Primary links

WELCOME TO THE ARCHIVE (1994-2014) OF THE MAQUILA SOLIDARITY NETWORK. For current information on our ongoing work on the living wage, women's labour rights, freedom of association, corporate accountability and Bangladesh fire and safety, please visit our new website, launched in October, 2015: www.maquilasolidarity.org

Which companies haven’t committed to worker safety in Bangladesh?

July 8, 2013

The signing of the Accord for Fire and Building Safety in Bangladesh represents a breakthrough toward ensuring that no more workers making garments of western clothing brands in Bangladesh lose their lives in preventable factory disasters like the Rana Plaza building collapse and the Tazreen factory fire.

The Accord  sets out terms for a program of independent, transparent factory inspections, worker and management training, active health and safety committees, and time-bound remediation of unsafe factories - all overseen by and accountable to a joint trade union/company steering committee.  It also backs up these commitments with a legally-binding dispute resolution mechanism.

As of August, 2013, the Accord has been signed by 85 international brands including Inditex (owner of Zara), the largest fashion apparel retailer in the world,  and H&M, the largest buyer of clothing from Bangladesh.

It has been endorsed by the Secretary-General of the United Nations, the Organization for Economic Cooperation and Development (OECD), the International Labour Organization (ILO), the UN High Commissioner for Human Rights, the European Parliament, and others. US and Canadian institutional investors together representing more than US$3 trillion in assets under management have urged North American companies to sign the Accord.

So why have only one Canadian company (Loblaw Inc) and five US companies (PVH Corp., Abercrombie & Fitch, American Eagle Outfitters, Sean John Clothing and Scoop NYC) signed the Accord to date? 

Some major US companies, including Gap Inc. and Walmart, have publicly declared their unwillingness to sign the Accord, expressing disagreement with the legally-binding nature of the agreement (arguments which have been roundly criticized by labour rights lawyers - see here and here). Instead, they are working with US and Canadian retail and apparel federations to develop an alternative, non-binding, secretive and company-controlled program that does not involve and is not accountable to workers and their organizations. In Canada, the Retail Council of Canada, the Canadian Apparel Federation, and Canadian Tire have been supporting the development of the weaker US program.

The Gap/Walmart initiative divides and undercuts global efforts to achieve a comprehensive solution to endemic safety hazards in the Bangladesh garment export industry at a time when it is critical that the industry speak with one voice.

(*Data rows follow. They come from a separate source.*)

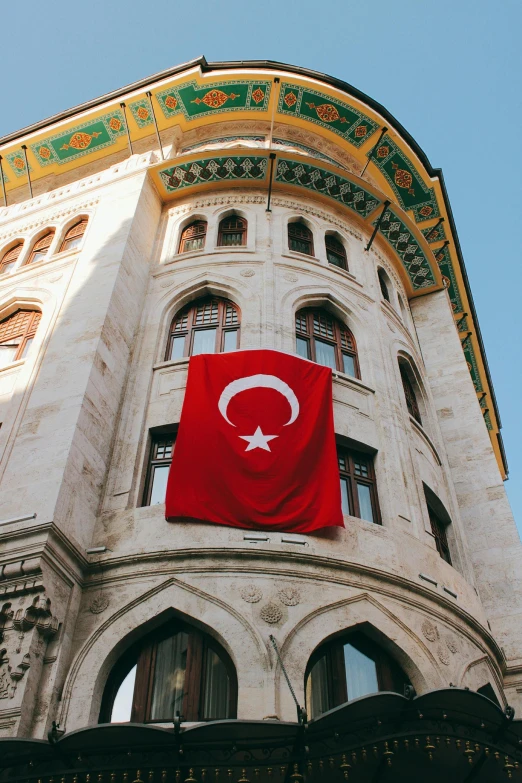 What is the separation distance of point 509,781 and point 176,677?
462 cm

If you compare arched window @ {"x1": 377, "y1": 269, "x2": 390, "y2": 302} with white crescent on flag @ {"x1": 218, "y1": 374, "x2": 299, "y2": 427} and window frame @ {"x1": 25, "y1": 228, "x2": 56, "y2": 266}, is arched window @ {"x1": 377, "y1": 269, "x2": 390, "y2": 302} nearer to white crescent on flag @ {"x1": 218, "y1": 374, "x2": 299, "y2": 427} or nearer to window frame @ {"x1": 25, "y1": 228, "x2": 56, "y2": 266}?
white crescent on flag @ {"x1": 218, "y1": 374, "x2": 299, "y2": 427}

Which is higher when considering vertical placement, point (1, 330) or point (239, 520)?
point (1, 330)

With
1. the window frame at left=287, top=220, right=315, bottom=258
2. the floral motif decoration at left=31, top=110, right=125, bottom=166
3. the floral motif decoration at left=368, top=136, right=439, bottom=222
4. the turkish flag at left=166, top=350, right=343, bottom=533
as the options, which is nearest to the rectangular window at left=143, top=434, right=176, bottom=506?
the turkish flag at left=166, top=350, right=343, bottom=533

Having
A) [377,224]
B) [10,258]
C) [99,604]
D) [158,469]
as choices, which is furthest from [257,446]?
[10,258]

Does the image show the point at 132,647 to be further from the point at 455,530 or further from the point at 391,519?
the point at 455,530

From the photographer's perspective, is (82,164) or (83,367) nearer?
(83,367)

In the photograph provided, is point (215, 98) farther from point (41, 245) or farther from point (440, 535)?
point (440, 535)

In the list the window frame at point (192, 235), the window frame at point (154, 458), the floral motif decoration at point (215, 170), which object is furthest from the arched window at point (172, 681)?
the floral motif decoration at point (215, 170)

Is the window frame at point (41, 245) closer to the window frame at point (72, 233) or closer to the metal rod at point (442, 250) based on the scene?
the window frame at point (72, 233)

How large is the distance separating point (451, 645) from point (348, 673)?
6.69 feet

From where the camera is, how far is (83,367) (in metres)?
14.2

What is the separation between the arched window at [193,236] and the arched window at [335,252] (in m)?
3.26

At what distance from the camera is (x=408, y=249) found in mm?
22109

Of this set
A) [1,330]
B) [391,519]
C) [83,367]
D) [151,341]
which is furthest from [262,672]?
[1,330]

Their decision to go it alone on worker safety issues will send confusing and contradictory messages to Bangladeshi suppliers, thereby allowing those suppliers to avoid taking swift and decisive action. This company-controlled initiative could therefore undermine serious efforts to prevent further workplace disasters.

The companies that have signed the Bangladesh Accord deserve credit for getting behind a comprehensive, transparent and accountable program to end factory deaths in Bangladesh. The companies that have not joined the Accord, however, should be told loud and clear that there is no other credible alternative to this Accord, and inaction is not an option. 

Here is a partial list of companies that have not yet signed the Accord:

Canadian companies:

  • Canadian Tire (Mark's Work Wearhouse, Sportchek and others)
  • Hudson's Bay Company
  • Lululemon
  • Reitman's (Smart Set, Penningtons, Addition Elle, etc)
  • YM Inc. (Bluenotes, Suzy Shier and others)
  • Fairweather

US Companies:

  • Gap Inc.
  • Walmart
  • Sears
  • Target
  • Macy's
  • Kohl's
  • Forever 21
  • Carter's
  • The Children's Place
  • Footlocker
  • Aeropostale
  • JC Penney
  • VF Corp (Wranglers, North Face, Timberland etc)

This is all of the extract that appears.